What is expected
From the line containing "POCO C71 NOVO" to the end of the records below, both included, every line should be repeated exactly; pictures should be dropped.

★ ★ ★ ★ ★

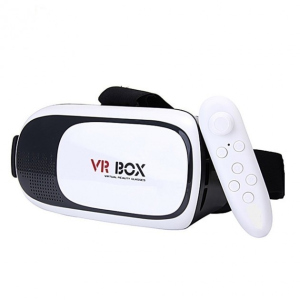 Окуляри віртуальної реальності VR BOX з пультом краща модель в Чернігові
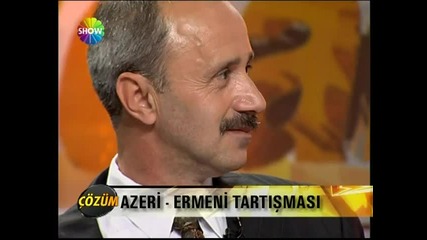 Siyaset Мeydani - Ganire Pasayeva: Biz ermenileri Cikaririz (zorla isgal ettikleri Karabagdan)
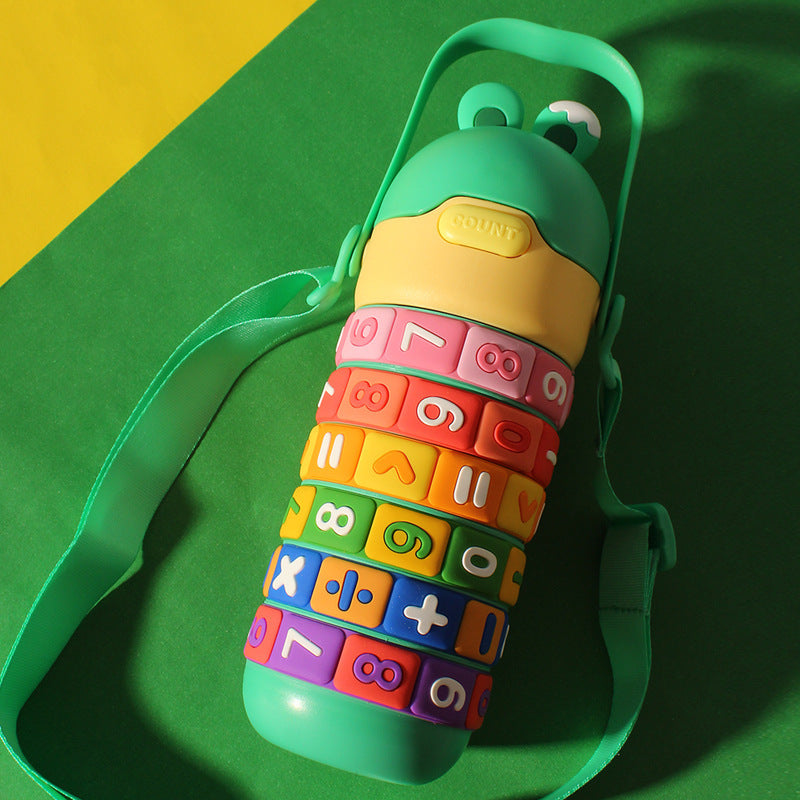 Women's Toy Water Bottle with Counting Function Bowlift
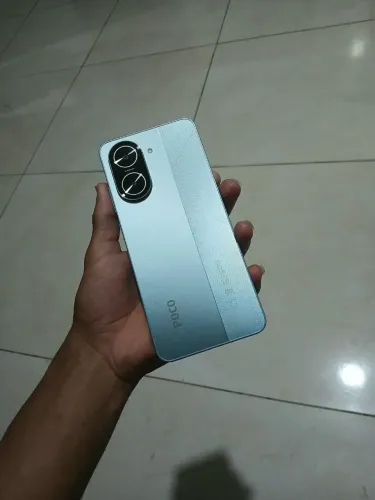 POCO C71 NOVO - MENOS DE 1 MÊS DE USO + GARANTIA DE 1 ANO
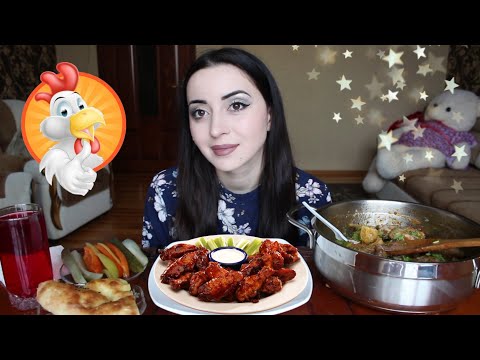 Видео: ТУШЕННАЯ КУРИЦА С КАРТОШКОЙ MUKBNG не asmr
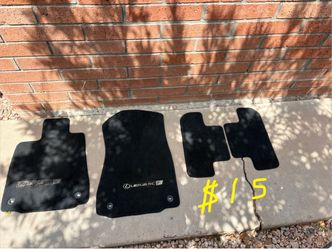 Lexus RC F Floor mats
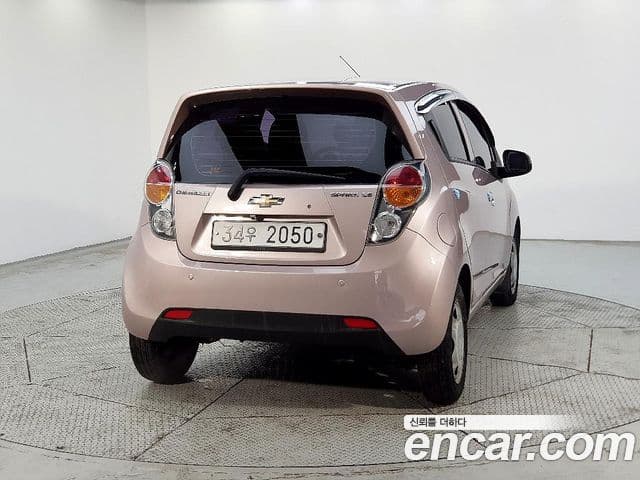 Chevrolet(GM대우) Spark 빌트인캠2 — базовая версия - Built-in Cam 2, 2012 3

★ ★ ★ ★ ★

Solution to the problem
 POCO C71 NOVO - MENOS DE 1 MÊS DE USO + GARANTIA DE 1 ANO
 Видео: ТУШЕННАЯ КУРИЦА С КАРТОШКОЙ MUKBNG не asmr
 Lexus RC F Floor mats
 Chevrolet(GM대우) Spark 빌트인캠2 — базовая версия - Built-in Cam 2, 2012 3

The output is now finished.